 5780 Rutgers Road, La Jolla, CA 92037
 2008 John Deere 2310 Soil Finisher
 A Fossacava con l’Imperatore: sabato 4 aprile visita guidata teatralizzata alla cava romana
===============
WHAT THIS TASK INVOLVES: Copy all of the material word for word.

SOLUTION BELOW:
 5780 Rutgers Road, La Jolla, CA 92037
 2008 John Deere 2310 Soil Finisher
 A Fossacava con l’Imperatore: sabato 4 aprile visita guidata teatralizzata alla cava romana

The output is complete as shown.